I want to go to Jardins de metis. I say that every year. And with every new year of competition winners, I am more convinced than ever, that a trip is necessary. I was particularly captivated by the Terragrams 2011 winning design: Noli Tangere. It's landscape design that turns our way of thinking inside out or makes the invisible visible.
Terragram's portfolio is diverse from theme parks, environmental sculptures, furniture, stage design to parks and gardens. Driven by an obsession to escape cliches, Terragram has gained an international reputation for innovation and technical experimentation. Terragram's projects have been featured in more than 40 books and 2 monographs - 'Transforming Uncommon Ground' by T. Macgowan and 'Room 4.1.3 - Innovations in Landscape Architecture' by R. Weller. Terragram's projects have also been televised by Arte Television and the BBC.
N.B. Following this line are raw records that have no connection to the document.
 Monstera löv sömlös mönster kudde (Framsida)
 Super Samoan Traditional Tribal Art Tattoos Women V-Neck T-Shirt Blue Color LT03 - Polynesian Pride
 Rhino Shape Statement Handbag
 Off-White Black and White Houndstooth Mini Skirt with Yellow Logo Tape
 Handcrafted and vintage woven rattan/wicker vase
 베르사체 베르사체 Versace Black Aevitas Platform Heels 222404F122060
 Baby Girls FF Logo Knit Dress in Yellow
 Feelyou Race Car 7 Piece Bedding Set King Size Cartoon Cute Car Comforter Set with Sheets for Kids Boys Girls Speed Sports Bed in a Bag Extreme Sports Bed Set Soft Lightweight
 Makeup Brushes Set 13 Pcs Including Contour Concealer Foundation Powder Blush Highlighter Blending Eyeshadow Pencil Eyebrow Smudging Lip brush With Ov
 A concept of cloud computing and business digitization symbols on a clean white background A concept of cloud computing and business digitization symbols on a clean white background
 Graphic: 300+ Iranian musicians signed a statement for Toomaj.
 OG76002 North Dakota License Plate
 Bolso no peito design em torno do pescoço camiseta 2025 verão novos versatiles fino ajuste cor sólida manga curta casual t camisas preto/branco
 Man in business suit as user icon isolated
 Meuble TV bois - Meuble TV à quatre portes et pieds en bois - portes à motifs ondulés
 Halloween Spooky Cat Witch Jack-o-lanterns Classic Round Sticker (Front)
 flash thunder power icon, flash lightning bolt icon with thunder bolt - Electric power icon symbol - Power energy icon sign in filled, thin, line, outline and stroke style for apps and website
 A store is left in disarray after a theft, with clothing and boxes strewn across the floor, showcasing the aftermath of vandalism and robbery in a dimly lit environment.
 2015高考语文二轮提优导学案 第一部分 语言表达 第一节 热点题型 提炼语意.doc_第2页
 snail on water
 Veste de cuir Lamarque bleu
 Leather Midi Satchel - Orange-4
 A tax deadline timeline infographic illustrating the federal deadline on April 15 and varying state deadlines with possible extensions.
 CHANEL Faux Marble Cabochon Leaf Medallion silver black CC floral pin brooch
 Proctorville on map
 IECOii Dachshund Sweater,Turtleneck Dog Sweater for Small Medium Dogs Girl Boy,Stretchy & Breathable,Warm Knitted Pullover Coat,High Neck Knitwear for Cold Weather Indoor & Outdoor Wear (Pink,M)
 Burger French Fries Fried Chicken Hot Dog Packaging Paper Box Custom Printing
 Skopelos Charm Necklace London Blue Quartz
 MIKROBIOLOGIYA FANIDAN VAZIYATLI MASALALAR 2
Upon Vladmir's return from a month in Europe, there was a lull in the studio. The idea of creating a secret garden (the theme for Jardins de metis) intrigued us. Jardins de metis competition reinvigorated us - it was a fast paced and impulsive competition entry, with the initial concept evolving mostly from exploratory doodles, as most of Vladmir's do.
PO: Describe the Noli tangere.
Our project Noli tangere, approached this theme of secret gardens, by proposing an unusual experience of nature, typically invisible and 'secret' to the human eye. It has become increasingly rare especially for urban visitors to experience the plant microcosmos - to look through a forest of plant stalks, smell the scents of damp earth and vegetation, observe the bugs, ants and grasshoppers at eye-level, perhaps even to eat fruit without using our hands. In Noli tangere, the secret is in revealing the once invisible.
The exact shape of the garden was generated by imagining the steps of a blindfolded person circumnavigating the selected site, from which a 'secret' shape emerged.